2) Approach-Avoidance Conflict, dimana orang didorong untuk melakukan pendekatan terhadap persoalan-
persoalan yang mengacu pada satu tujuandan pada waktu yang sama didorong untuk melakukan terhadap
persoalan-persoalan tersebut dan tujuannya dapat mengandung nilai positif dan negatif bagi orang yang
mengalami konflik tersebut.
3) Avoidance-Avoidance Conflict, dimana orang didorong untuk menghindari dua atau lebih hal yang negatif
tetapi tujuan-tujuan yang dicapai saling terpisah satu sama lain.
Dalam hal ini, approach-approach conflict merupakan jenis konflik yang mempunyai resiko paling kecil dan
mudah diatasi, serta akibatnya tidak begitu fatal.

B. Konflik yang berkaitan dengan peran dan ambigius
Di dalam organisasi, konflik seringkali terjadi karena adanya perbedaan peran dan ambigius dalam tugas dan
tanggung jawab terhadap sikap-sikap, nilai-nilai dan harapan-harapan yang telah ditetapkan dalam suatu
organisasi.
Filley and House memberikan kesimpulan atas hasil penyelidikan kepustakaan mengenai konflik peran dalam
organisasi, yang dicatat melalui indikasi-indikasi yang dipengaruhi oleh empat variabel pokok yaitu :
1) Mempunyai kesadaran akan terjadinya konflik peran.

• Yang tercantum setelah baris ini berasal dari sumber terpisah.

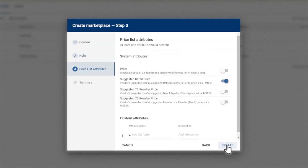For price list attributes, you have the option to select different pricing to meet your business needs. This can be a wholesale price, a retail price, or a reseller price. Select the suggested retail price and click Create.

2) Menerima kondisi dan situasi bila muncul konflik yang bisa membuat tekanan-tekanan dalam pekerjaan.
3) Memiliki kemampuan untuk mentolelir stres.

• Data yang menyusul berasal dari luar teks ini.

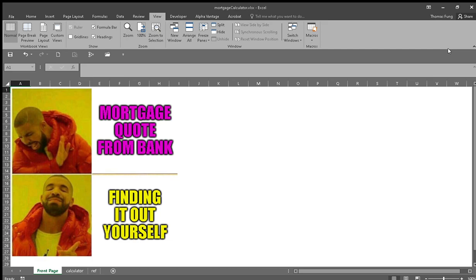Hi everyone, welcome to my channel. Today we're going to look at how mortgage payments work. Generally, if you're looking to buy a home or a car, you're probably going to need to borrow money from the bank in the form of a mortgage. Before they tell you how much you can borrow and what your monthly payment rate is, you're going to have to give up a bunch of personal information, but with this calculator you can just find it out yourself.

4) Memperkuat sikap/sifat pribadi lebih tahan dalam menghadapi konflik yang muncul dalam organisasi (Wijono,
1993, p.15).

Stevenin (2000, pp.132-133), ada beberapa faktor yang mendasari munculnya konflik antar pribadi dalam
organisasi misalnya adanya:
1. Pemecahan masalah secara sederhana. Fokusnya tertuju pada penyelesaian masalah dan orang-orangnya
tidak mendapatkan perhatian utama.
2. Penyesuaian/kompromi. Kedua pihak bersedia saling memberi dan menerima, namun tidak selalu langsung
tertuju pada masalah yang sebenarnya.
Waspadailah masalah emosi yang tidak pernah disampaikan kepada manajer. Kadang-kadang kedua pihak tetap
tidak puas.
3. Tidak sepakat. Tingkat konflik ini ditandai dengan pendapat yang diperdebatkan. Mengambil sikap menjaga
jarak. Sebagai manajer, manajer perlu memanfaatkan dan menunjukkan aspek-aspek yang sehat dari
ketidaksepakatan tanpa membiarkan adanya perpecahan dalam kelompok.

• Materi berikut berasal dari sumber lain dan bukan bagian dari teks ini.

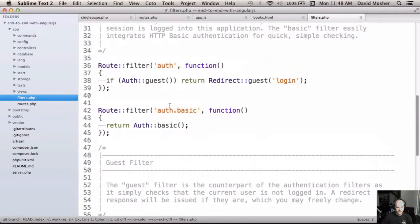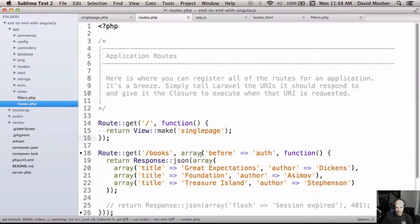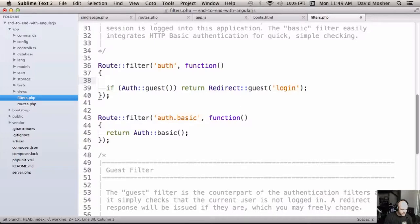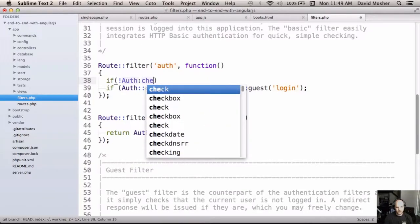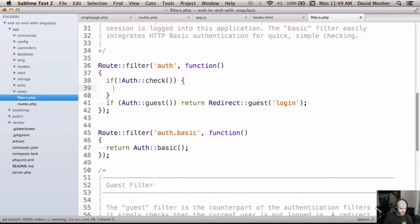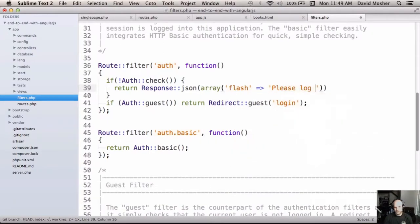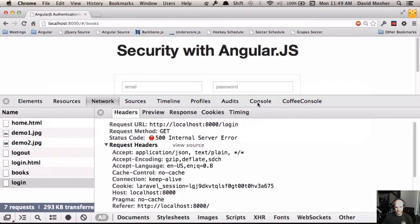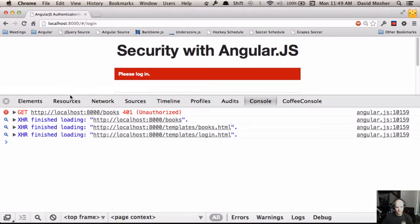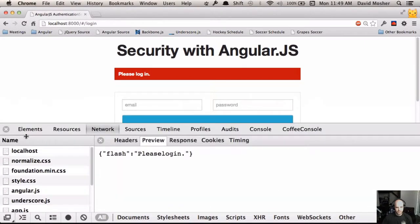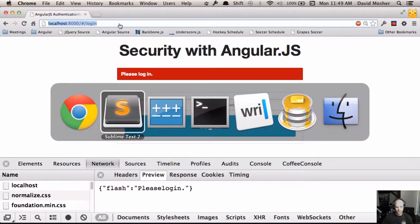The way to do that in Laravel is with filters. There's already an auth filter, but it doesn't work quite the way we want. Laravel has the concept of a guest, but we don't want any guests. We can check if the user's logged in using auth::check(), and if not, return a JSON response with our flash message saying 'please log in' and HTTP status code 401 Unauthorized. Now we get a 401 Unauthorized response with the flash message. That's one way to secure your routes.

4. Kalah/menang. Ini adalah ketidaksepakatan yang disertai sikap bersaing yang amat kuat. Pada tingkat ini,
sering kali pendapat dan gagasan orang lain kurang dihargai. Sebagian di antaranya akan melakukan berbagai
macam cara untuk memenangkan pertarungan.
5. Pertarungan/penerbangan. Ini adalah konflik “penembak misterius”. Orang-orang yang terlibat di dalamnya
saling menembak dari jarak dekat kemudian mundur untuk menyelamatkan diri. Bila amarah meledak, emosi pun
menguasai akal sehat. Orang-orang saling berselisih.
6. Keras kepala. Ini adalah mentalitas “dengan caraku atau tidak sama sekali”.
Satu-satunya kasih karunia yang menyelamatkan dalam konflik ini adalah karena biasanya hal ini tetap mengacu
pada pemikiran yang logis. Meskipun demikian, tidak ada kompromi sehingga tidak ada penyelesaian.
7. Penyangkalan. Ini adalah salah satu jenis konflik yang paling sulit diatasi karena tidak ada komunikasi secara
terbuka dan terus-terang. Konflik hanya dipendam. Konflik yang tidak bisa diungkapkan adalah konflik yang tidak
bisa diselesaikan.

Dampak Konflik
Konflik dapat berdampak positif dan negatif yang rinciannya adalah sebagai berikut :
1. Dampak Positif Konflik
Menurut Wijono (1993:3), bila upaya penanganan dan pengelolaan konflik karyawan dilakukan secara efisien
dan efektif maka dampak positif akan muncul melalui perilaku yang dinampakkan oleh karyawan sebagai sumber
daya manusia potensial dengan berbagai akibat seperti:
1. Meningkatnya ketertiban dan kedisiplinan dalam menggunakan waktu bekerja, seperti hampir tidak pernah ada
karyawan yang absen tanpa alasan yang jelas, masuk dan pulang kerja tepat pada waktunya, pada waktu jam
kerja setiap karyawan menggunakan waktu secara efektif, hasil kerja meningkat baik kuantitas maupun
kualitasnya.
2. Meningkatnya hubungan kerjasama yang produktif. Hal ini terlihat dari cara pembagian tugas dan tanggung
jawab sesuai dengan analisis pekerjaan masing-masing.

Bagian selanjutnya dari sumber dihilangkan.